What is the limiting value of p/q as n --> ∞

 

[conics2008]

p/q = 2 (n*sin(π/2n))2

n --> inf

we need to make it in the form of sinax/ax ok

from 2unit sinax/ax =1

so follow this.. i remember doing this, this is the 2007 exam paper it was straight forward and also the calculator is your friend..

 

[lolokay]

well lim n->∞ sin(pi/2n)/(pi/2n) = 1
(2/pi) n*sin(pi/2n) = 1
n*sin(pi/2n) = pi/2
2(n*sin(pi/2n))² = pi²/2
I think

 

[Timothy.Siu]

well lim n->∞ sin(pi/2n)/(pi/2n) = 1
(2/pi) n*sin(pi/2n) = 1
n*sin(pi/2n) = pi/2
2(n*sin(pi/2n))² = pi²/2
I think

seems correct

 

[Js^-1]

Ah yeh I remember the sinx/x thing.

So 2( sin(pi/2)/(pi/2) * (pi/2) )²
n-->inf = 2( (pi/2))²
= 2(pi)²/4
= (pi)²/2 ?

 

[Js^-1]

Awesome thanks heaps people.

 

[H4rdc0r3]

is this 2 unit?

 

[Timothy.Siu]

is this 2 unit?

can u read

 

[Js^-1]

It was the very last question of last years 2007 Extension 2 paper, but the method is essentially 2 unit I think.

 

[Timothy.Siu]

It was the very last question of last years 2007 Extension 2 paper, but the method is essentially 2 unit I think.

lol, not really 2unit i dont think, u dont learn sin x/x = 1 as x--> infinity
maybe 3unit

 

[conics2008]

its def 2unit..

its just basic limits question.. good on ya js^-1 but in the exax remember that the calculator is your firend.. xD

you can just sub in a really large number xD
and hope for the ebst on from there...

but keep in mind u need to use what ever u have..

 

[munch0r]

lol, not really 2unit i dont think, u dont learn sin x/x = 1 as x--> infinity
maybe 3unit

where exactly is sin x/x = 1 as x--> infinity in any textbook.
i can only find sin x/x = 0 as x --> infinity according to the "squeeze theorem"

 

[Js^-1]

Thanks conics...that question 8 was actually likeable - It didn't make me want to shoot myself just by looking at it.

 

[lolokay]

where exactly is sin x/x = 1 as x--> infinity in any textbook.
i can only find sin x/x = 0 as x --> infinity according to the "squeeze theorem"

as n->∞
pi/2n -> 0
so it's the same thing pretty much

(as x->∞, sinx/x ->0 since x keeps getting larger, but sinx doesn't exceed +-1)

 

[Js^-1]

where exactly is sin x/x = 1 as x--> infinity in any textbook.
i can only find sin x/x = 0 as x --> infinity according to the "squeeze theorem"

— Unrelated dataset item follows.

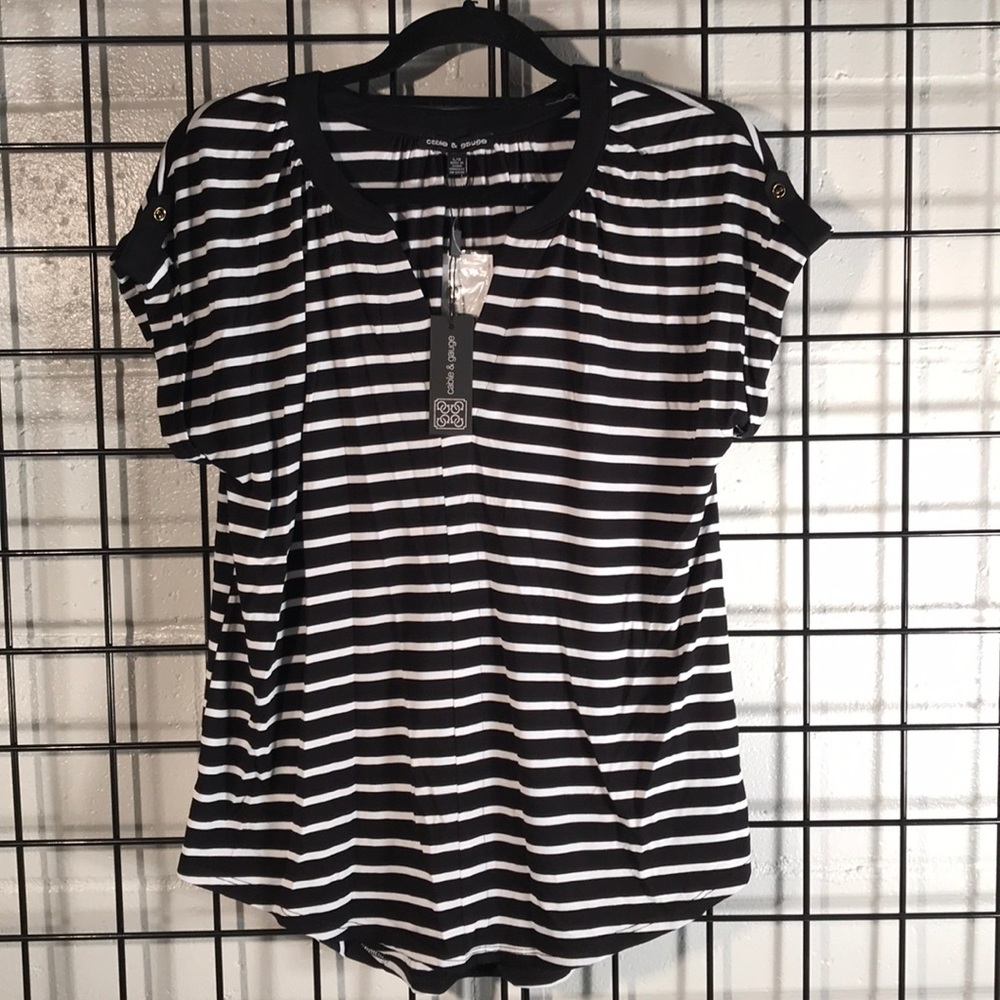 Cable & gauge black & white striped tee top Sz L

Maths in Focus: Two/Three unit Book two, page 182.

Its says: Lim_x-->0 sinx/x = 1

Substitute x for pi/2n

As n--> Infinity
x--> 0

 

[tacogym27101990]

i thought the rule was lim x>0 sinx/x =1
i cant remember learning that lim x>infinity sinx/x =1
???

 

[conics2008]

Thanks conics...that question 8 was actually likeable - It didn't make me want to shoot myself just by looking at it.

yeah believe it or not, 2007 paper is my favourite paper over all.. i actually did all of question 8 without encountring too much pain unlike some other past papers..

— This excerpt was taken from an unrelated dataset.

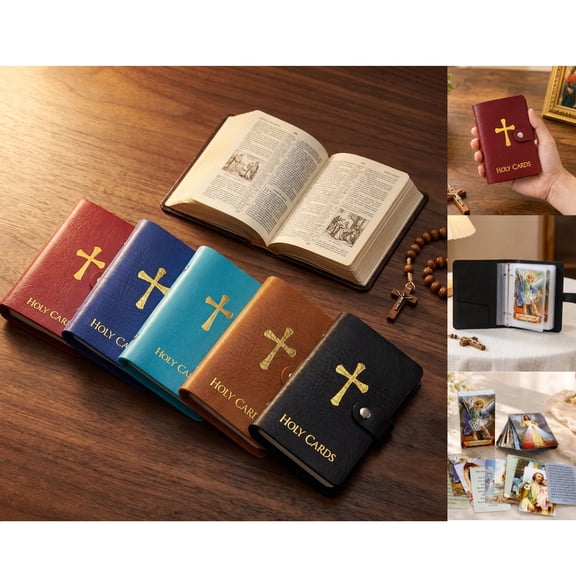Whyan Portable Prayer Card Holder Set, Leather Snap Organizer with 54 Assorted Holy Cards, Compact Pocket Size for Mass, Travel & Daily Use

I hope this year paper is the same level..

try doing paper 1993 xD

 

[munch0r]

i thought the rule was lim x>0 sinx/x =1
i cant remember learning that lim x>infinity sinx/x =1
???

as x approaches infinity (sinx)/x = 0
but for the question

sin(pi/2n) / (pi/2n)
as n approaches infinity
pi/2n approaches 0

so think of pi/2n as x

(sinx)/x = 1 where x is approaching 0

 

[tacogym27101990]

as x approaches infinity (sinx)/x = 0
but for the question

sin(pi/2n) / (pi/2n)
as n approaches infinity
pi/2n approaches 0

so think of pi/2n as x

(sinx)/x = 1 where x is approaching 0

ooo i get it now
thanks

 

[Js^-1]

yeah believe it or not, 2007 paper is my favourite paper over all.. i actually did all of question 8 without encountring too much pain unlike some other past papers..

I hope this year paper is the same level..

try doing paper 1993 xD

Yeah same...maybe tomorow. My head hurts enough for one day.